* Work item *
Before you return the entries below, strip out the pictures and keep all else exact.

Information START

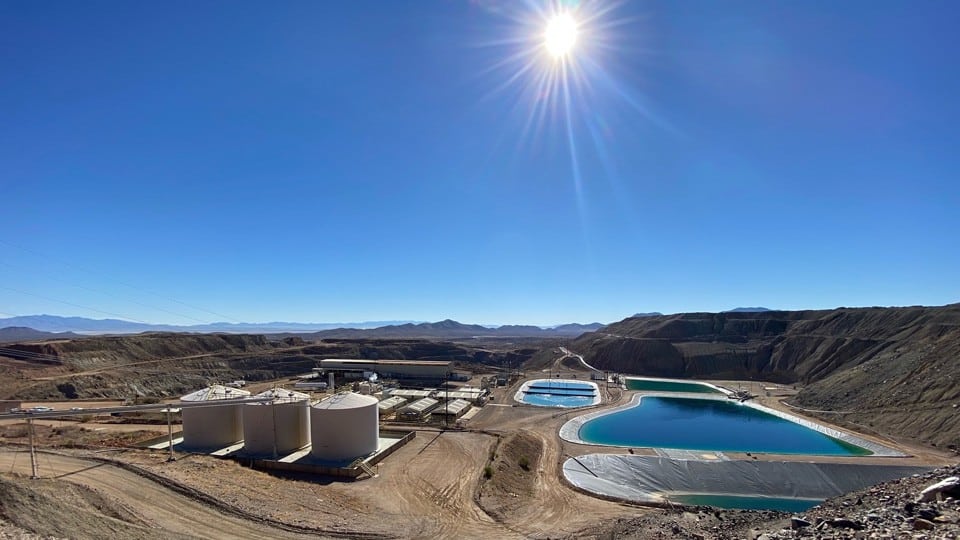 Gunnison Copper Achieves Commercial Production at Johnson Camp Mine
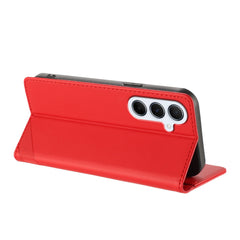 For Samsung Galaxy A17 5G / A26 5G Phone Cases Punk Style Imprinted Wallet Stand Leather Cover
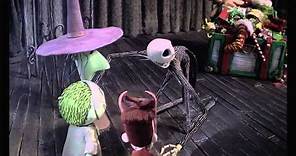 The Nightmare Before Christmas 3D: Planning Christmas Clip
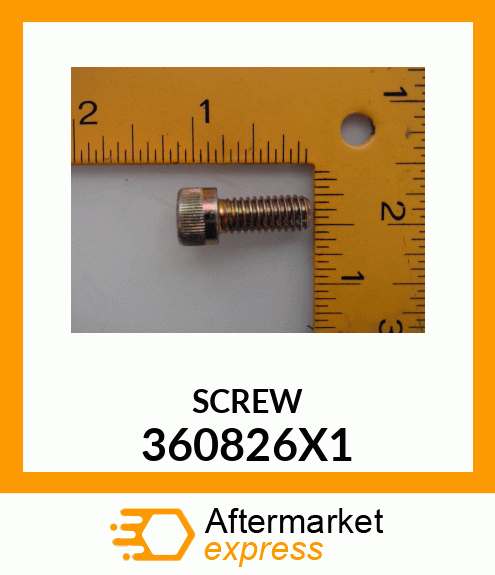 SCREW 360826X1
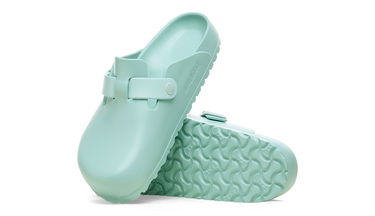 Кецове и обувки Birkenstock Boston EVA Regular fit Clog Зелено | 1027401, 4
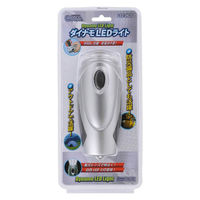 オーム電機 ダイナモLEDライト 手回し発電 LED-D02S
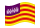 Ilhas Baleares-Bandeira ondulante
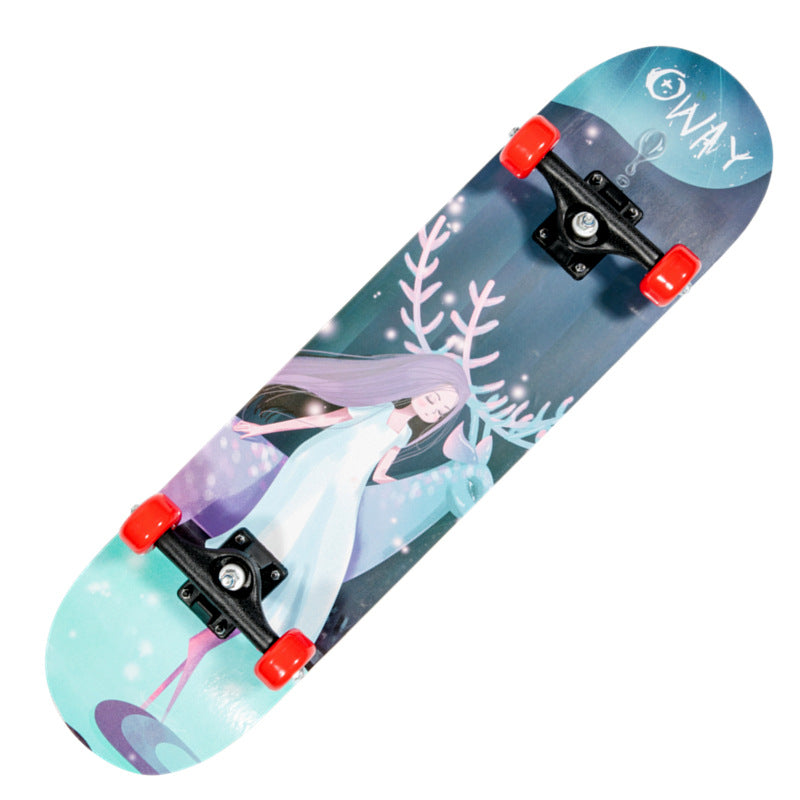 Dragon Grafik Trick Skateboard Brehn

Information END

* Solution to this exercise *
 Gunnison Copper Achieves Commercial Production at Johnson Camp Mine
 For Samsung Galaxy A17 5G / A26 5G Phone Cases Punk Style Imprinted Wallet Stand Leather Cover
 The Nightmare Before Christmas 3D: Planning Christmas Clip
 SCREW 360826X1
 Кецове и обувки Birkenstock Boston EVA Regular fit Clog Зелено | 1027401, 4
 オーム電機 ダイナモLEDライト 手回し発電 LED-D02S
 Ilhas Baleares-Bandeira ondulante
 Dragon Grafik Trick Skateboard Brehn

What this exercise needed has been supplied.